Cette BD est la mise en image du roman Kinderzimmer de Valentine Goby. Ce roman, multi-récompensé, se déroule à Ravensbrück, camp de concentration allemand, connu pour avoir détenu des dizaines de milliers de femmes et d’enfants pendant la guerre. Nous y suivons la jeune Mila, déportée alors qu’elle est enceinte. Comment donner la vie, survivre, dans cet univers imprégné de souffrance et de mort? Cela fait écho à cette interview de Francine Christophe, déportée à Bergen-Belsen avec sa mère, et qui a assisté une femme qui accouchait.

L’adaptation en BD est signée Ivan Gros. Dans un style profond et très brut, en noir et blanc, il tente cette difficile transcription du texte en image, tout en gardant l’émotion et le sentiment d’étouffement que procure le livre originel. Il fallait bien ces 400 pages pour retranscrire la moelle du texte de Valentine Goby. Pour cela, Ivan gros s’est appuyé sur un remarquable travail de recherche d’archives, de dessins, de témoignages, afin d’être le plus fidèle aux souvenirs de celles et ceux qui ont vécu à Ravensbrück.
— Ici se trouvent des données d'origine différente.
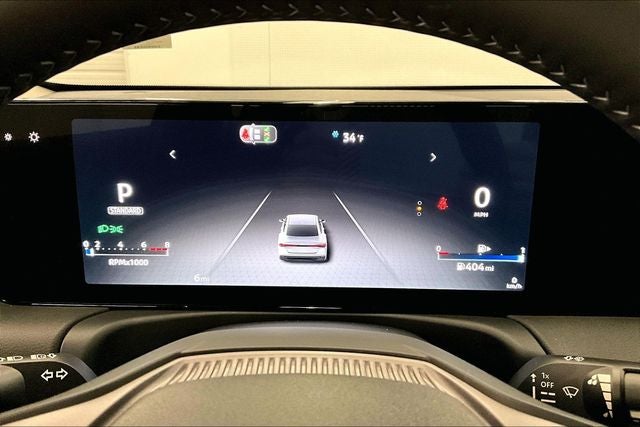 2026 Nissan Sentra SV - Convenience and Moonroof Packages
Ivan Gros alterne entre page de dessin, extraits du texte du roman, quels rares lignes de dialogue et des portées de notes. De temps à autre, le récit s’arrête pour revenir au présent et à la mise en image de visiteurs actuels du camp de Ravensbrück. Dans ces passages se dressent les portraits de femmes déportées, survivantes ou non de cet enfer, femmes qui ont inspiré le travail de l’auteur.

Le quotidien de ces femmes, c’est celui de la violence. Violence de la déportation, du manque de nouvelles des êtres proches, des coups et des brimades reçus des kapos, la proximité physique avec la mort. Les arrivées successives de ces femmes venues de toute l’Europe et qui ignorent encore, partiellement, de ce qu’il va falloir faire pour survivre.

Mais c’est aussi celui de l’humanité, à travers la solidarité, le soutien, les discussions plus ou moins futiles. C’est celui de la résistance mentale, à l’instar de Mila qui code des musiques dans sa tête pour s’évader et oublier le quotidien, notamment le fait d’être enceinte.

A travers ces planches, se pose aussi la question du suivi médical de ces femmes, de leur rapport au corps et au regard des autres. Le regard des autres femmes, le regard des Nazis. Le rapport à la pudeur. Comprendre pourquoi les règles s’arrêtent. Survivre aux épidémies liées aux conditions d’hygiène du camp et au rationnement alimentaire. Cacher aussi sa grossesse au maximum: que faire de cette vie qui arrive quand votre propre humanité vous est déniée par le numéro qui vous identifie désormais?

Cette histoire, c’est aussi celle du bébé qui finit par naître dans ces conditions apocalyptiques. Le petit James doit être un survivant, un guerrier, dès ses premiers jours. Sa mère aussi, car il faut survivre à l’accouchement, trouver les forces pour l’allaiter. Tandis que la nurserie se remplit chaque jours de cadavres de nouveaux-nés.

La BD se termine sur un long dossier intitulé : « sur les dessinatrices de Ravensbrück ». Ivan Gros revient sur son très long travail de recherches de sources et de copie des dessins des déportées. Parmi celles-ci, quelques-unes ont le droit à des notices biographiques, ce qui apporte cette dimension scientifique qui valorise encore cette somme fantastique que représente cette BD.

Au final, une œuvre poignante, magnifique d’horreurs, d’espoirs et d’humanité. Un travail et un récit haletants, angoissants et étouffants. Nous sommes transportés à chaque page dans ce mélange de sentiments, passant alternativement du dégoût à la haine, du sourire aux larmes, de la tristesse à la joie. Une lecture indispensable.